* [Exercise objective] From the line containing "Hi everyone and" to the end of the records, print every line exactly, both ends included, and leave out the pictures.

(Collected data)
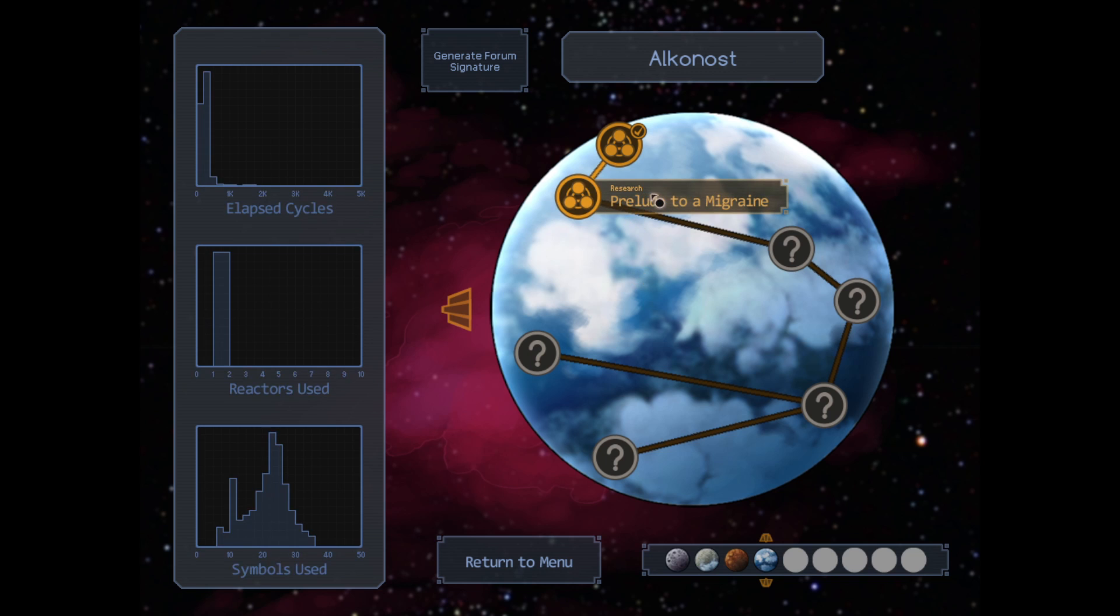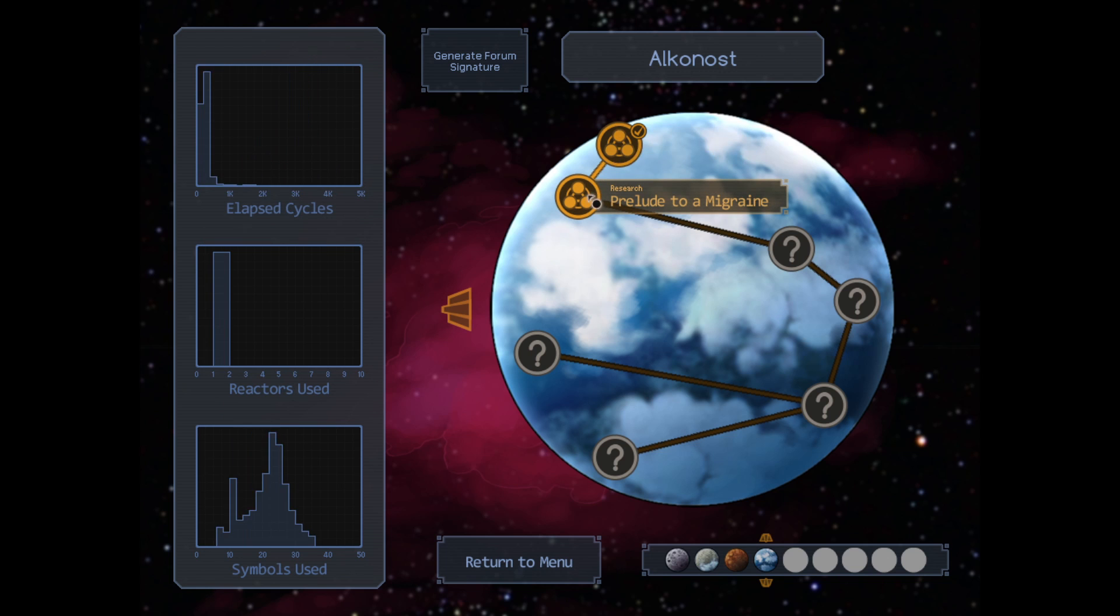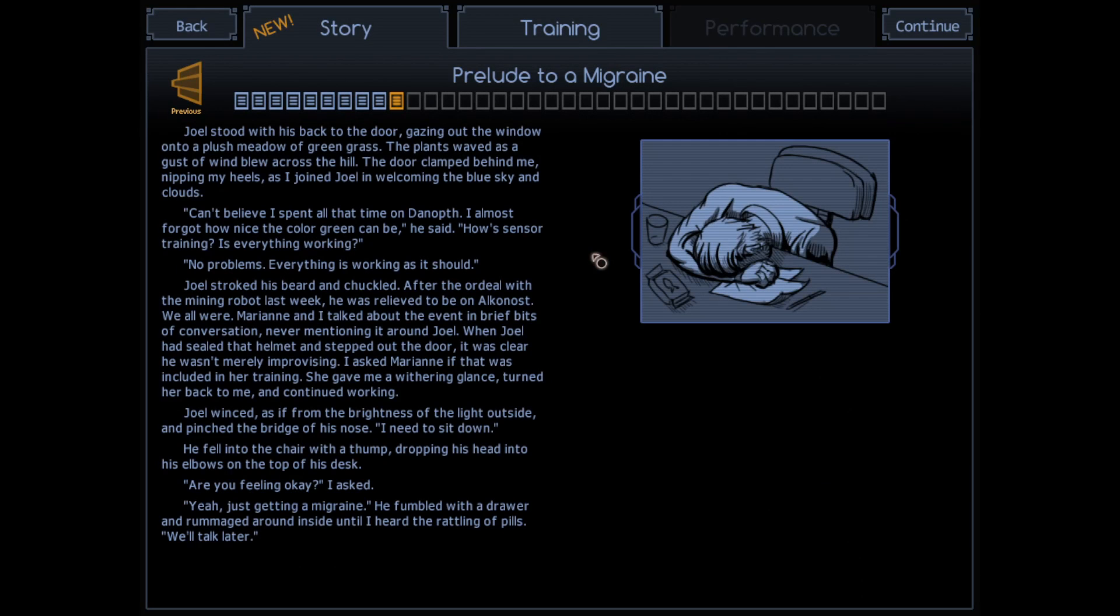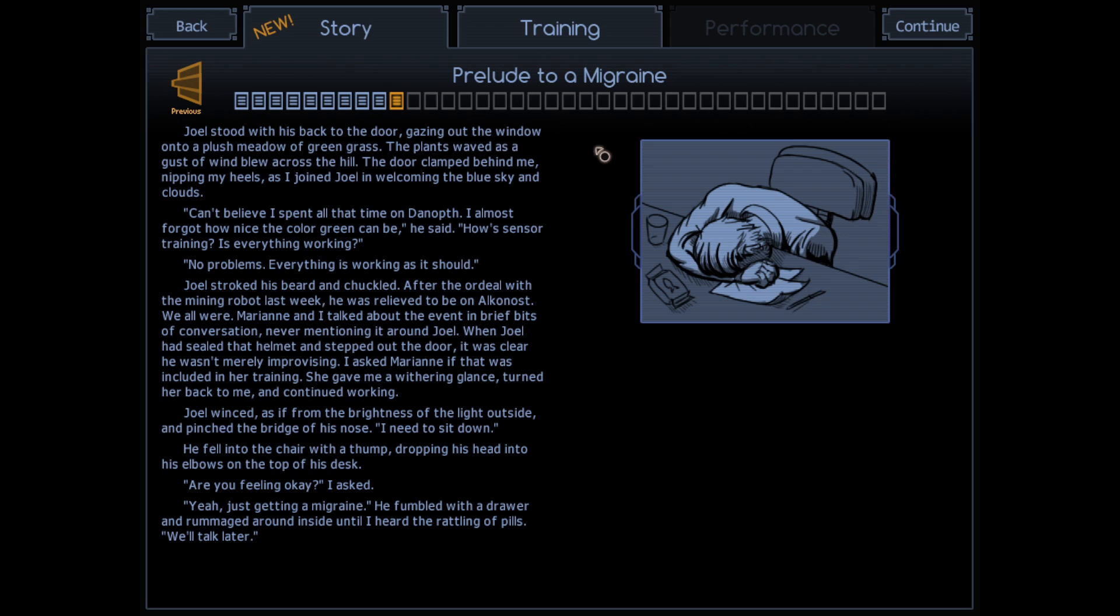Looks like a relatively short mission, but probably going to have more sensing going on, so let's take a look. Jules stood with his back to the door, gazing at the window onto a plush meadow of green grass. The plants waved as a gust of wind blew across the hill. The door clamped behind me, nipping my heels as I joined Joel in welcoming the blue sky and clouds. Can't believe I spent all that time on Danov. I almost forgot how nice the color green can be, he said.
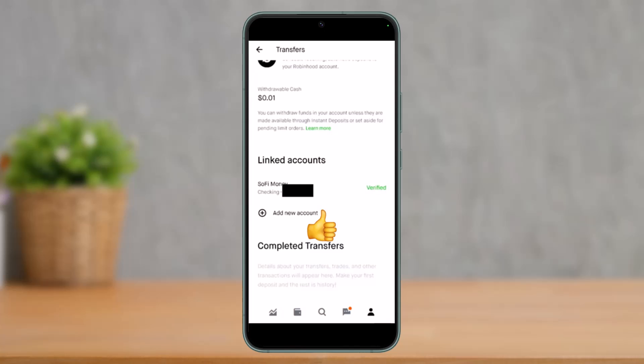That's all it takes to link your bank account to Robinhood. We hope the video was really helpful, and if it did help you, make sure to leave a like and subscribe to our channel. If you have any more questions, leave them down below. Thank you very much for watching till the end, and see you soon in our next video.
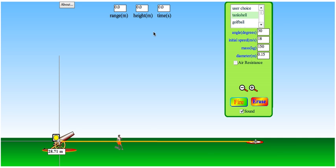Let's take a look at a projectile motion problem similar to what Peter Fox was working on in the Foxtrot cartoon. We have a cannon shooting with an initial velocity of 18 meters per second and an angle of 30 degrees above the horizontal.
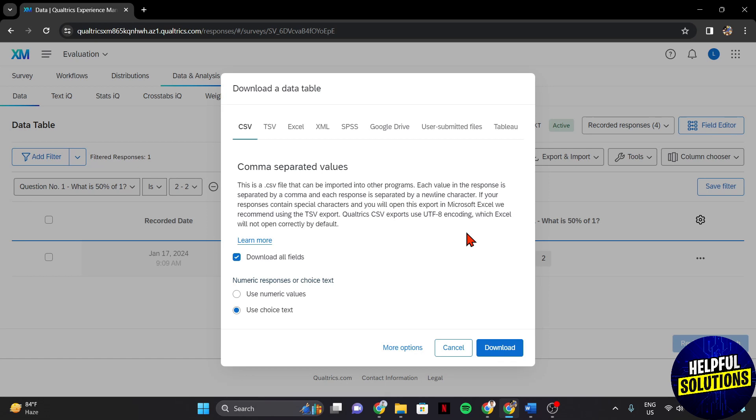That's how you can view survey responses in Qualtrics. If you found this video helpful, please don't forget to subscribe to our channel for more tutorial videos like this. Thanks for watching!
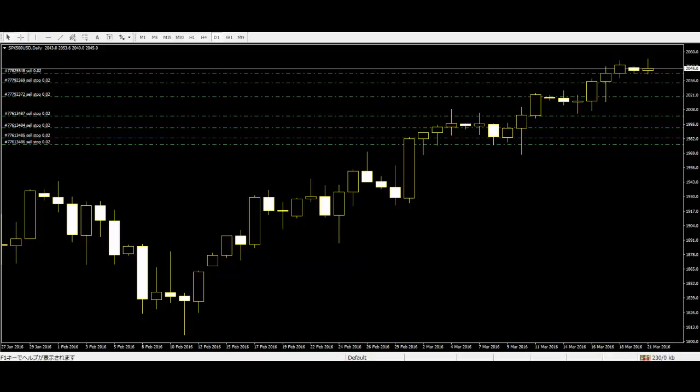This pattern is a warning of potential price change. When you see the hammer form in a downtrend, this is a reversal sign. The long lower shadow represents a period of trading where the sellers were initially in control, but the buyers were able to reverse that control and drive prices back up to close near the high for the day.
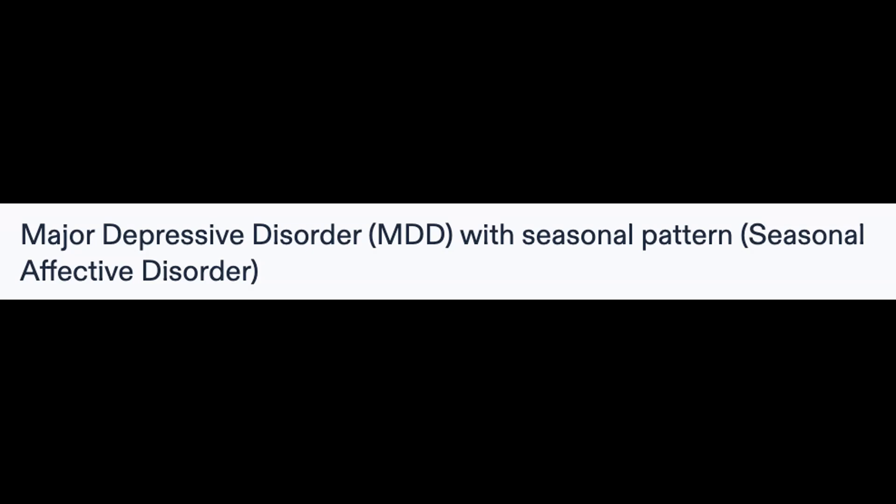Formerly known as seasonal affective disorder, this condition involves experiencing major depressive episodes exclusively during a specific season, typically winter, for at least two consecutive years and often recurring throughout one's lifetime.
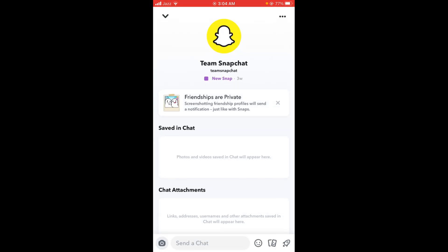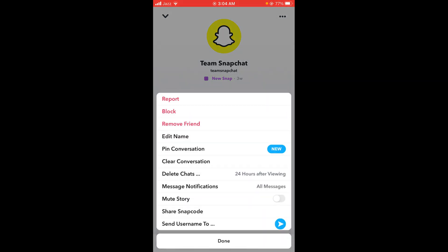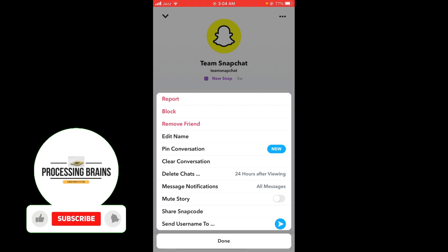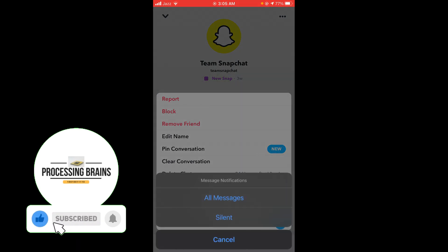After that, tap on the three dots located on the top right corner. Here you can see there are various options — from those, you have to tap on message notifications, which is the fourth last option, and then tap on silent.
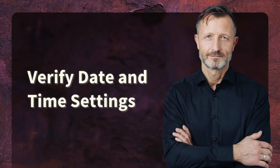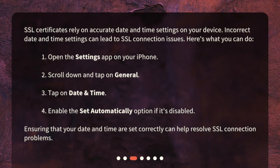Verify date and time settings. SSL certificates rely on accurate date and time settings on your device. Incorrect date and time settings can lead to SSL connection issues. Here's what you can do: 1. Open the Settings app on your iPhone. 2. Scroll down and tap on General. 3. Tap on Date and Time. 4. Enable the Set Automatically option if it's disabled. Ensuring that your date and time are set correctly can help resolve SSL connection problems.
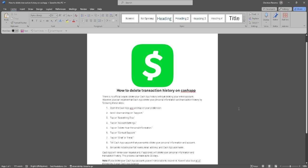In this video I'm going to show you how to delete transaction history on Cash App. Please watch the video until the end and follow this tutorial step by step to avoid making mistakes.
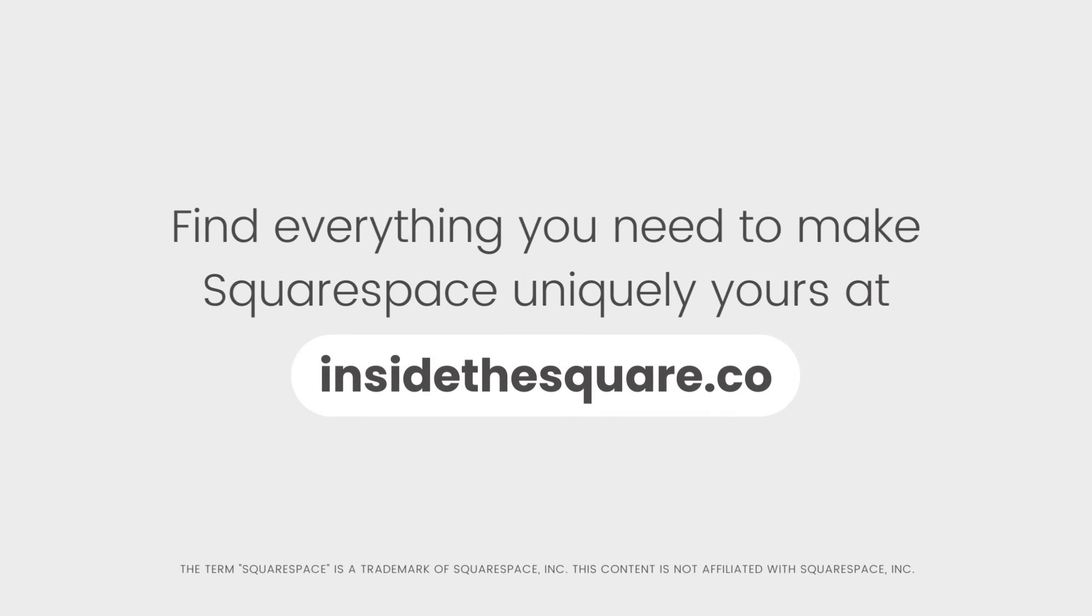To learn more about all the cool things that you can do with Squarespace, be sure to check out the related content linked below, and visit insidethesquare.co.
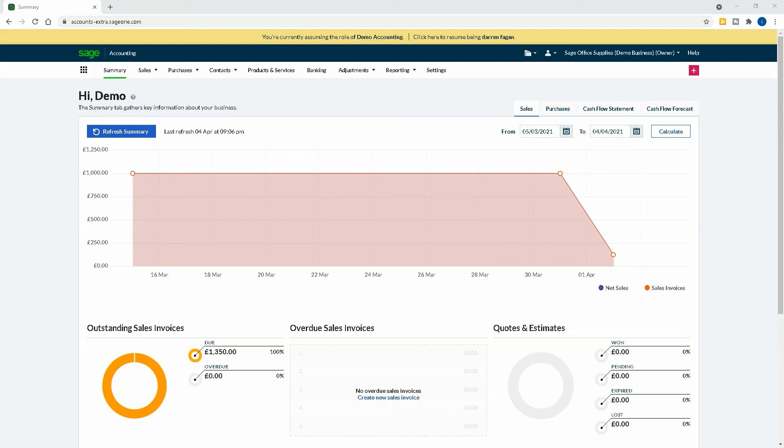Hi everyone and welcome back to Less Tax to Pay for another video on cloud accounting. Today we're going to be doing Sage Cloud Accounting and how to customize your sales invoice so you can get it to look more how you want it to look.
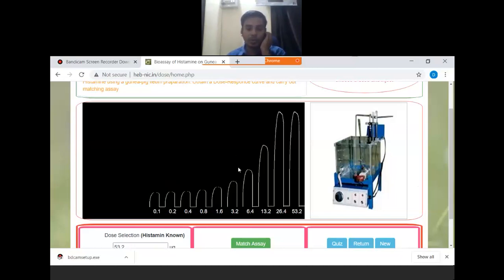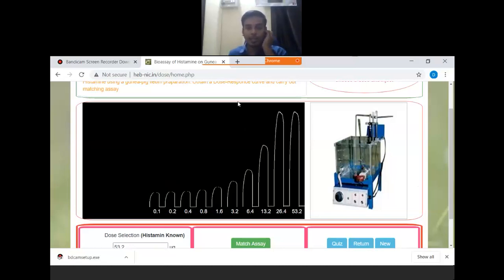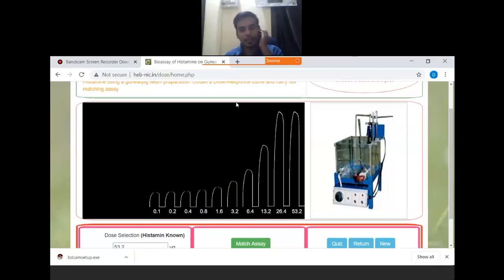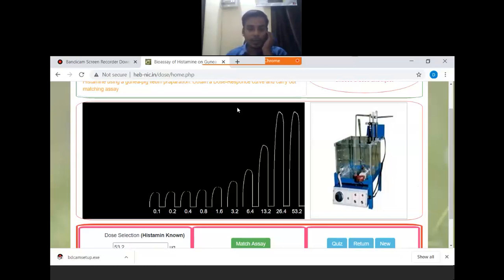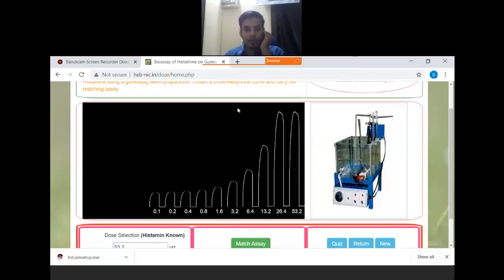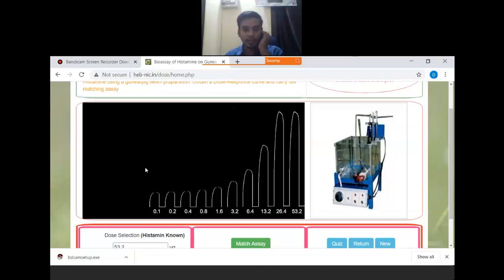After this, if we increase with another addition of the drug, the response cannot be increased, it will remain the same. So for this experiment, the response height as well as their individual presentation have to be considered.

* [Response]
Hi everyone and welcome back to Less Tax to Pay for another video on cloud accounting. Today we're going to be doing Sage Cloud Accounting and how to customize your sales invoice so you can get it to look more how you want it to look.
After this, if we increase with another addition of the drug, the response cannot be increased, it will remain the same. So for this experiment, the response height as well as their individual presentation have to be considered.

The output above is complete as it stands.